Automata theory studies computational systems (automata) that operate on input sequences. These systems often follow a structured progression, typically divided into four key stages or classes, each with increasing computational power and complexity:

Finite Automata (FA):

• The simplest class, finite automata, can recognize regular languages.
• These automata operate with a finite number of states and are often represented as deterministic (DFA) or nondeterministic (NFA).
• They are limited in power and cannot handle problems that require memory beyond their state transitions.

Pushdown Automata (PDA):

• PDAs extend finite automata with a stack, giving them memory and enabling them to recognize context-free languages.
• They can handle nested structures, like parentheses matching, making them useful for parsing expressions in programming languages.
• However, they still lack the power to recognize context-sensitive languages.

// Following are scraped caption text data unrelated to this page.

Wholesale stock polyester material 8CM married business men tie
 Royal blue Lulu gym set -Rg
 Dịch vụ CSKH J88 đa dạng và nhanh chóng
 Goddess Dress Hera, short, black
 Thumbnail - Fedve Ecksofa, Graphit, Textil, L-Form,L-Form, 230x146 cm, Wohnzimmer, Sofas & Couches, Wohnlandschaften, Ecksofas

Linear Bounded Automata (LBA):

• LBAs have a finite tape (bounded linearly by the input size), unlike Turing machines with an infinite tape.
• These automata can recognize context-sensitive languages, which are more complex than context-free languages.
• They are commonly used in scenarios where resource limitations are a constraint.

Turing Machines (TM):

• The most powerful class, Turing machines, have an infinite tape, allowing them to recognize recursively enumerable languages.
• Turing machines can perform any computation that a computer can, representing the theoretical foundation of modern computing.
• They are used to understand the limits of computation and decide problems solvable by algorithmic processes.